China’s government has traditionally been able to direct state-owned insurers to cover fisheries but there were big losses that led to dominant players like PICC in the past decade shifting focus away from agriculture and aquaculture to focus on the booming real estate sector. Other local insurers like Shanghai Anxin stepped forward but have battled to secure profitability from writing policies for the seafood sector. French-based Groupama (Groupe des Assurances Mutuelles Agricoles) has meanwhile set up shop but so far has a small footprint in the Chinese insurance market.

There is certainly potential for business given as little as 5 percent of China’s 8 million hectares of aquaculture ponds are insured, according to the 2014 edition of the China Fisheries Yearbook, a government-published collection of statistics. With Chinese seafood production under pressure from a rising cost base, officials including the top fisheries (and vice minister for agriculture) official Niu Dun have frequently stated that better insurance coverage will encourage smaller producers in particular to up their production in the knowledge that their production is covered.

The loss ratio for some insurers of shrimp ponds ran as high as 1,400 percent, according to a Seafoodsource analysis of settlements by Anxin and PICC. Not surprisingly, commercial insurers have shied away from the Chinese aquaculture sector.
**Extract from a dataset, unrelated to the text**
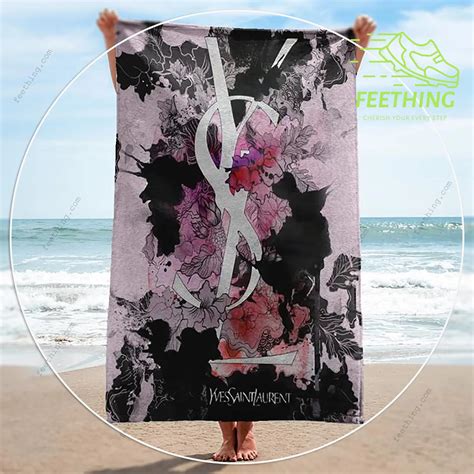 Yves Saint Laurent Beach Towel .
Likewise, it’s been very hard to attract the reinsurance market to China’s aquaculture and fisheries insurance policies.

Under Niu Dun’s direction, the government has recently also been encouraging better sharing of information, with the ministry of agriculture compelling some key production regions and markets to publish information on pricing and production in a timely manner. The idea being that farmers will base species selection and time production according to market trends.

Government-subsidized mutual insurance schemes are proving central to China’s plan to extend coverage. Reducing costs and extending insurance through mutual organizations of multiple seafood producers has been key to insurance coverage elsewhere, helping to improve the bankability of the industry, which remains divided between big operators that count accurately and small players with little know-how in collecting data on stocks.
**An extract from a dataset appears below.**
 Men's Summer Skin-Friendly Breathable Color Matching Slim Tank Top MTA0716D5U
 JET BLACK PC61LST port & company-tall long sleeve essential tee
Mutuals include Jiangsu Fishery Mutual Insurance Association, a government-supported body seeking to expand insurance among local producers. Based in Nantong city, a hotbed of crab production, the Association has worked with local aquaculture cooperatives of freshwater crab breeders. Aside from sharing risk, mutual insurance schemes also help prevent insurance fraud and risk management — two problems that have turned commercial insurers off the aquaculture and agriculture markets in China. The nature of mutual insurance means members can regulate and weed out false claims within their membership while also building up data that helps insurance companies, according to secretary general of the Association, Chen Yao.

Foreign insurers have been keen to access the Chinese insurance market, which is growing fast with overall CNY 5 trillion (USD 805 billion; EUR 722 billion) in policies written in 2014, according to the China Insurance Regulatory Commission. But China has made it difficult for foreign insurers to enter the market, according to a Beijing-based executive at a major European insurer seeking to expand in China.
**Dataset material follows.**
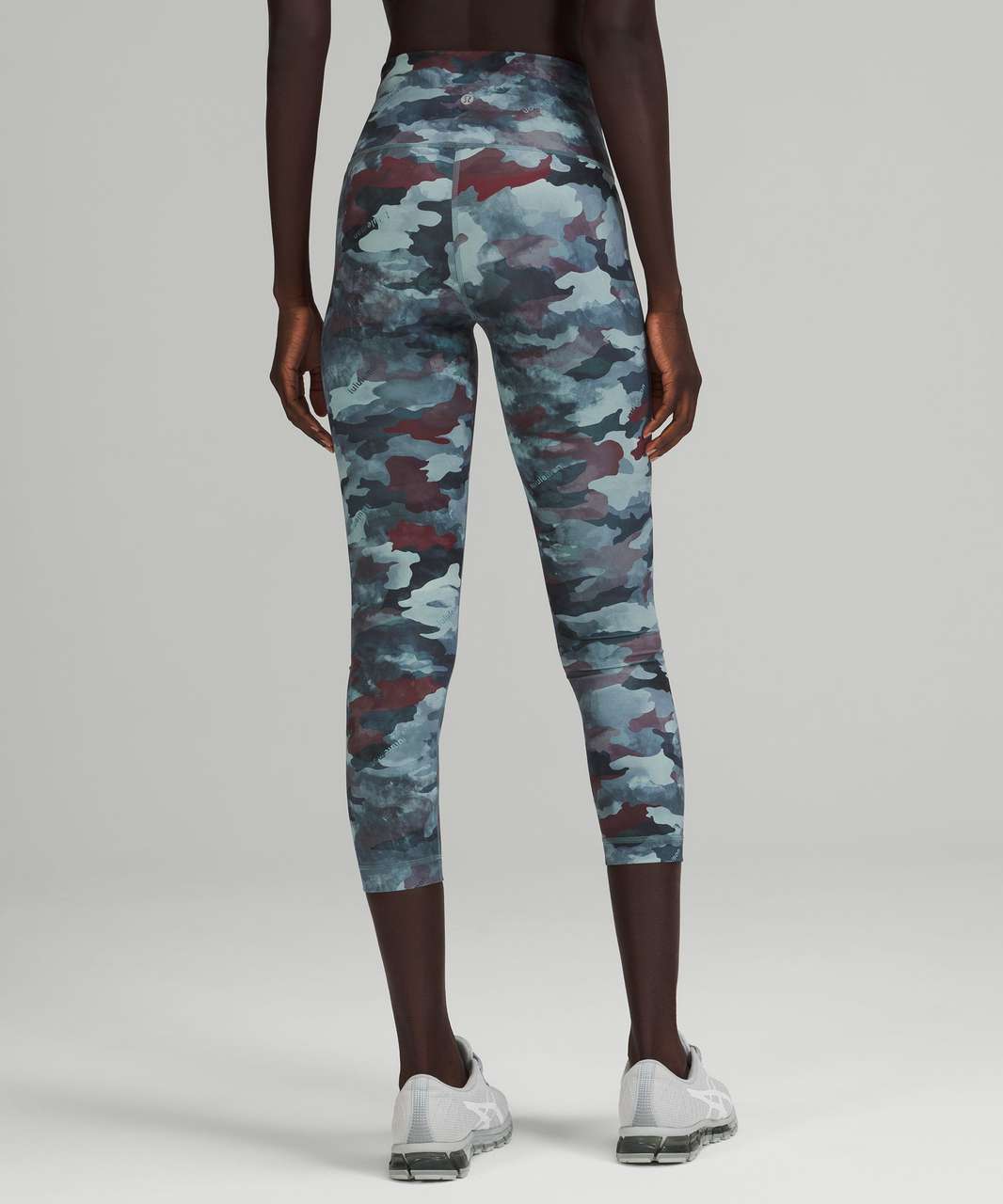 Lululemon Wunder Train High-Rise Crop 23 - Heritage Camo Wash Mineral Blue  Multi - lulu fanatics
“Since the big local players are state owned companies they have a lot of political influence. Government has allowed multinationals into areas that the local firms don’t want to cover, like agriculture and fisheries,” said the executive, who asked not to be named. China is “a big challenge” for multinationals, he added, “given you’re starting from scratch and without quality research or local operations. My sense is that the local firms want to see how risk analysis and pricing is done and learn from this.”

Several dilemmas remain: While the state-run insurance sector has been liberalized this has meant more commercially driven operators are less willing than ever to engage what are perceived to be risky sectors like aquaculture.